Dataset excerpts
════════════════════

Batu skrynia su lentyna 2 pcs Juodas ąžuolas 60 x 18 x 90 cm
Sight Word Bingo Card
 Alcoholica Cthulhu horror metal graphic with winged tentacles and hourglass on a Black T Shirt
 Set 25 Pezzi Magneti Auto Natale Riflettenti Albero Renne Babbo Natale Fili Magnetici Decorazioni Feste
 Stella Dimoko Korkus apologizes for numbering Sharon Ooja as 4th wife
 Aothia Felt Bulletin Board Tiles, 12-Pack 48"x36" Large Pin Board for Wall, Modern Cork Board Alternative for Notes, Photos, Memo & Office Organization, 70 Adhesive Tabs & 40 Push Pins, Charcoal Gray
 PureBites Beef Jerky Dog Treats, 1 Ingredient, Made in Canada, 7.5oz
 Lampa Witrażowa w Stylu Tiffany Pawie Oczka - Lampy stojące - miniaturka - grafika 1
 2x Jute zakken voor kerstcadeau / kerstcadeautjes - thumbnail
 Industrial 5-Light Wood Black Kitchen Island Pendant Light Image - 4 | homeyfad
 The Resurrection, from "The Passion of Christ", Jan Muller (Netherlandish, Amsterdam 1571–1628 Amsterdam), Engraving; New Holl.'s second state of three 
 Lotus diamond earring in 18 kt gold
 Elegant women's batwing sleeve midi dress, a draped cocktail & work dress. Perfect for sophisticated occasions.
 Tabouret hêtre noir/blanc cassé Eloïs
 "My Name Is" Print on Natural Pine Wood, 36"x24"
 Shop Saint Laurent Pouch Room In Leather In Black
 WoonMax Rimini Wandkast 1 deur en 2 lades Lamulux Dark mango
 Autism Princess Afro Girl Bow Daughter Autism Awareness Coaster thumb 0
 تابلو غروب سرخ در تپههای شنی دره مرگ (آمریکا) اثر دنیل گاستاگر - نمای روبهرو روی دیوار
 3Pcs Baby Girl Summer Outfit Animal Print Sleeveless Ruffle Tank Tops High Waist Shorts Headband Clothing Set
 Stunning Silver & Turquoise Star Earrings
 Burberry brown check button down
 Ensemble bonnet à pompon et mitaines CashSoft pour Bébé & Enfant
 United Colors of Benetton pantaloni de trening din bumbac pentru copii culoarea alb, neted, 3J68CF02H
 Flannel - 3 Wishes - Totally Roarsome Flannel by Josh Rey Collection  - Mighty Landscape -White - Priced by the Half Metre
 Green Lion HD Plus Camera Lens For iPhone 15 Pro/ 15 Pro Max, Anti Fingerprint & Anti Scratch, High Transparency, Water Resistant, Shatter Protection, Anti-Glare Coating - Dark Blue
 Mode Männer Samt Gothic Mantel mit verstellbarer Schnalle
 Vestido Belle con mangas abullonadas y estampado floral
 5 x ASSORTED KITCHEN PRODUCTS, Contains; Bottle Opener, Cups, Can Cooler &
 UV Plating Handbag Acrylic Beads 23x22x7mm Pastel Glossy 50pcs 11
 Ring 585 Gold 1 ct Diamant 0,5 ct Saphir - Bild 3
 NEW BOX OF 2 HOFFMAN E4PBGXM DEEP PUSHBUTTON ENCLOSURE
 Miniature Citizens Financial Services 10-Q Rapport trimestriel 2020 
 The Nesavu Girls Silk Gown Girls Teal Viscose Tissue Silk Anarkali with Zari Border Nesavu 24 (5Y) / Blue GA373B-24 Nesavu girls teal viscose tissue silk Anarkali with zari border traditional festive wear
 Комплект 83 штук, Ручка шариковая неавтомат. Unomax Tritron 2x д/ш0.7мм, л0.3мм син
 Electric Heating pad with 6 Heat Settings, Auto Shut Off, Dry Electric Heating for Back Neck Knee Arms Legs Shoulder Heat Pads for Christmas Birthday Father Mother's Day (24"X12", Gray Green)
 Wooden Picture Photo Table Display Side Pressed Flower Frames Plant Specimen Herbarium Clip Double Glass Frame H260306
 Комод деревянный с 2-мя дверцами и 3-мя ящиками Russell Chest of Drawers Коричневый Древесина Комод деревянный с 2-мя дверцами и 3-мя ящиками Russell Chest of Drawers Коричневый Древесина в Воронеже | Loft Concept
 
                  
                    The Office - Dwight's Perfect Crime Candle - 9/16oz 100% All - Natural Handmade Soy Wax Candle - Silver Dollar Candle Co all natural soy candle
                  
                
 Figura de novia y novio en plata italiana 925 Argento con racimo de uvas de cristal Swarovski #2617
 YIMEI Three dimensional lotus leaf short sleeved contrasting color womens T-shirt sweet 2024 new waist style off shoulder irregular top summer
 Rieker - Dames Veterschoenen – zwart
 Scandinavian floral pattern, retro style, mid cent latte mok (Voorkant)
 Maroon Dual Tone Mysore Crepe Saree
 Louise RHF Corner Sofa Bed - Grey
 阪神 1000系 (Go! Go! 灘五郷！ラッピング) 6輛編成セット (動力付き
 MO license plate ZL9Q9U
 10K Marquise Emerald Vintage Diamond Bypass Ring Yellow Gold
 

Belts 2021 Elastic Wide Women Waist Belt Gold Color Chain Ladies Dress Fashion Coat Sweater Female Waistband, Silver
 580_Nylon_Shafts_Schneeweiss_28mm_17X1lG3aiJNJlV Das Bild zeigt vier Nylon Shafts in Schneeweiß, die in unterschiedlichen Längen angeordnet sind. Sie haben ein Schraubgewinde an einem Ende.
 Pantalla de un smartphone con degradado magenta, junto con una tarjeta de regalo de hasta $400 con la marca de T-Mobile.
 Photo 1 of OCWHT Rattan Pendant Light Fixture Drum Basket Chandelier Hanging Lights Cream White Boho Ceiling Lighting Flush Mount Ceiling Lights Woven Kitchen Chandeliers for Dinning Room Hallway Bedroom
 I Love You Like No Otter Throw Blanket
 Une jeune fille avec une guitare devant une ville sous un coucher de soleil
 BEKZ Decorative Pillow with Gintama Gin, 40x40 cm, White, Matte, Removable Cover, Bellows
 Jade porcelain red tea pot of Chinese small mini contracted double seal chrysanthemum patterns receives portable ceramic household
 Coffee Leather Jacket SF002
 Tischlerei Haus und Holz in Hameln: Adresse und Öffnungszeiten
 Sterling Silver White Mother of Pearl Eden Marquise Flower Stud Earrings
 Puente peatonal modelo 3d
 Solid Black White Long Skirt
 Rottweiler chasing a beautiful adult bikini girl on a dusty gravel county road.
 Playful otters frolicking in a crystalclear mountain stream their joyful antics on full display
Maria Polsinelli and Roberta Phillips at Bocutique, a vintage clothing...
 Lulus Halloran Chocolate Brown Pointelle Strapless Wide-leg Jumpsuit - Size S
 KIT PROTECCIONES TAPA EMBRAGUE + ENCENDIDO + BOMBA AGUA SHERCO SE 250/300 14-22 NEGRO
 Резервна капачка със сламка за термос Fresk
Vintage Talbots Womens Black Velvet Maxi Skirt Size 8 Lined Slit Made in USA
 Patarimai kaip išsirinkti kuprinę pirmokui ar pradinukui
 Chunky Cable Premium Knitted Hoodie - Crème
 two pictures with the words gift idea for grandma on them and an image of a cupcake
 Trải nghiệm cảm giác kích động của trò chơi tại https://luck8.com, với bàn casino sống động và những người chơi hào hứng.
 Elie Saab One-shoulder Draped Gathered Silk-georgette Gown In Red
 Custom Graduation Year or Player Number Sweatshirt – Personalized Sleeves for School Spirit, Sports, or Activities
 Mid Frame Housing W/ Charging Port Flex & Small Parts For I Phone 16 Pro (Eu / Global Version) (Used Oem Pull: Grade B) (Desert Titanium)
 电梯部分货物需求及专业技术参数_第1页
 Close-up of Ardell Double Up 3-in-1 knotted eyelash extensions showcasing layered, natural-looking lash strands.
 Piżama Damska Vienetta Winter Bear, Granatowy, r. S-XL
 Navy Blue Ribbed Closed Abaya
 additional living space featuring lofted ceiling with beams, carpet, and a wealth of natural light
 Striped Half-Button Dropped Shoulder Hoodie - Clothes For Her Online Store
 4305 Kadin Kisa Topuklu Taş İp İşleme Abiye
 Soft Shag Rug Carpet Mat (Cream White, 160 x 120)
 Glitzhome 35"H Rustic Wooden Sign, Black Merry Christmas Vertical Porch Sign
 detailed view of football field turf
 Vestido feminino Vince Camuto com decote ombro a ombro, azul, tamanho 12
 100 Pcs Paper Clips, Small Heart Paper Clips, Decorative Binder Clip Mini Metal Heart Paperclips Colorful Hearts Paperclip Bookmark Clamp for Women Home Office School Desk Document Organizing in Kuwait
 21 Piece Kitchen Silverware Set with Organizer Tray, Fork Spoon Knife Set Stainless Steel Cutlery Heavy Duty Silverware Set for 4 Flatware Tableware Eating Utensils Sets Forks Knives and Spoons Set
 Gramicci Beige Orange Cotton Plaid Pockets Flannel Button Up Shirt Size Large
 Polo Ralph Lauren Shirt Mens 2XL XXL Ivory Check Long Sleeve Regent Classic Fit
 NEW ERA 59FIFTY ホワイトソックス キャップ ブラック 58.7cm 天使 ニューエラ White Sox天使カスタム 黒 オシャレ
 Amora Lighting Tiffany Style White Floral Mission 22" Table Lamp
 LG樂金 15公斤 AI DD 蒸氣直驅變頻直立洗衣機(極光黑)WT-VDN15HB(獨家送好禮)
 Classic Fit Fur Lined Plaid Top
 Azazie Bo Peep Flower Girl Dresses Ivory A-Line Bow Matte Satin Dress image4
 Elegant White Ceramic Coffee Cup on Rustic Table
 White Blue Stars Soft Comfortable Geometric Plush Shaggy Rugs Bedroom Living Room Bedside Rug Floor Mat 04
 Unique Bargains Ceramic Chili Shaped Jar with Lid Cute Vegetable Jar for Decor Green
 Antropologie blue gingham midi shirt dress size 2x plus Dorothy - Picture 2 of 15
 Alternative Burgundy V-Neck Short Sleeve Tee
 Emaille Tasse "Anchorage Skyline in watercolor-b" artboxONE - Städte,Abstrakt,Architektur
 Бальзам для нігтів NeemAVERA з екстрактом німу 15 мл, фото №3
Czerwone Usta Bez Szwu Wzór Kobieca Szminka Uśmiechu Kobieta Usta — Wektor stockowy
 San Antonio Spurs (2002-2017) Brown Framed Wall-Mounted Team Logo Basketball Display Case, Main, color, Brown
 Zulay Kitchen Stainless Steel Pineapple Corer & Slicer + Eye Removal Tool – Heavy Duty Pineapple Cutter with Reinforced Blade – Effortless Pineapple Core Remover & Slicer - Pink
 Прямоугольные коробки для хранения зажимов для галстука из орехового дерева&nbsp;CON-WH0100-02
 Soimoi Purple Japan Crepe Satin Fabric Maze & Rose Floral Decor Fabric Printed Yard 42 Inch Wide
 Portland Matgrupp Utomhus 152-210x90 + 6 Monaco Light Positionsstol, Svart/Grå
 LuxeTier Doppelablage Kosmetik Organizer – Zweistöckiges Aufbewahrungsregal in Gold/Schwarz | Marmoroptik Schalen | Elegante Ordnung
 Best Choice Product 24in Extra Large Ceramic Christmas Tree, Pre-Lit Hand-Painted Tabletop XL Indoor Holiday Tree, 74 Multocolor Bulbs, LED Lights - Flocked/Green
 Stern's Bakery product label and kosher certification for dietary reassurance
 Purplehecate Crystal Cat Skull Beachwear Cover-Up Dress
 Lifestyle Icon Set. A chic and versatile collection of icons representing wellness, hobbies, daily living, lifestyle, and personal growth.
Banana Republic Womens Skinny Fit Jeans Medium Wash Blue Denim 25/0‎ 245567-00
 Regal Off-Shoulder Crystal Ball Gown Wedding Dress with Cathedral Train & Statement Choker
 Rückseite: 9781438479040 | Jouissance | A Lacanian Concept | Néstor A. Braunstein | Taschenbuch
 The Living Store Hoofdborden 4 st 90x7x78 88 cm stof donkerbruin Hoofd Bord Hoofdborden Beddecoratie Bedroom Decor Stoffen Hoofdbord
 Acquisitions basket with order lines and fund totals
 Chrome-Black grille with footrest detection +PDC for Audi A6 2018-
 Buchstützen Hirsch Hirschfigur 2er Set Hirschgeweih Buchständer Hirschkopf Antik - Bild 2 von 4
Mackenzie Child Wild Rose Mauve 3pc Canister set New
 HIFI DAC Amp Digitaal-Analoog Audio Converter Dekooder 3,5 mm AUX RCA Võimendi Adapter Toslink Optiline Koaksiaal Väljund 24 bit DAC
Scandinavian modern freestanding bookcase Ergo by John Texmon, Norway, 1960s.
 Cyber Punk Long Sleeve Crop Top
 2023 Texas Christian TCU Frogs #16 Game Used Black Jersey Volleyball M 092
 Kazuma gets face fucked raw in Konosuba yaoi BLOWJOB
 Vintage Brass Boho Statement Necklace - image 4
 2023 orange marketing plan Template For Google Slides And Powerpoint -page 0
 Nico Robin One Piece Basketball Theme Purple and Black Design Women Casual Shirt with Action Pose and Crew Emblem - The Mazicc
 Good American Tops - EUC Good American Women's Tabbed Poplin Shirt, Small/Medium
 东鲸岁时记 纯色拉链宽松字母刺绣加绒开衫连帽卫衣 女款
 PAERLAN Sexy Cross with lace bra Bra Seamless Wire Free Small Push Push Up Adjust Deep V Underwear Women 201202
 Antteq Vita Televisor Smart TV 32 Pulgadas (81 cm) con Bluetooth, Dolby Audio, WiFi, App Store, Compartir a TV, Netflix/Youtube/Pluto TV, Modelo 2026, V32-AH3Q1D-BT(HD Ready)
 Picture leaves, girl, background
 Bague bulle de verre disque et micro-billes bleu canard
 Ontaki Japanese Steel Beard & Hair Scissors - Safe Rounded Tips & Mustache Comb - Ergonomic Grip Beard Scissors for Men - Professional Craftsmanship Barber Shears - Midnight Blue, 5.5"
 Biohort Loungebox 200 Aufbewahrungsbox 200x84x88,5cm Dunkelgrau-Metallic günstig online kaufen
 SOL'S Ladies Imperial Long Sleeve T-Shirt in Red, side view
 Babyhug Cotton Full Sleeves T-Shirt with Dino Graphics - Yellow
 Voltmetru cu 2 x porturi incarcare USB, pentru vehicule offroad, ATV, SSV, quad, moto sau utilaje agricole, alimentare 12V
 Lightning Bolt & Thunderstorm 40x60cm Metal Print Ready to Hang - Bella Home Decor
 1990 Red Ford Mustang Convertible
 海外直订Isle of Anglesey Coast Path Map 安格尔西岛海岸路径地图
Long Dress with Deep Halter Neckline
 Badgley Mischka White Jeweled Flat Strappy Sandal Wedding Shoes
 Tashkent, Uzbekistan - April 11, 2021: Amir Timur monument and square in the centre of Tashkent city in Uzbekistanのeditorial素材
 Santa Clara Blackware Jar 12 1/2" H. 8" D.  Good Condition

════════════════════

** What you are asked to do **
Looking at the records above, return exactly the lines from the line with "Sight Word Bingo Card" to the line with "Stella Dimoko Korkus", both ends included.

** Your solution **
Sight Word Bingo Card
 Alcoholica Cthulhu horror metal graphic with winged tentacles and hourglass on a Black T Shirt
 Set 25 Pezzi Magneti Auto Natale Riflettenti Albero Renne Babbo Natale Fili Magnetici Decorazioni Feste
 Stella Dimoko Korkus apologizes for numbering Sharon Ooja as 4th wife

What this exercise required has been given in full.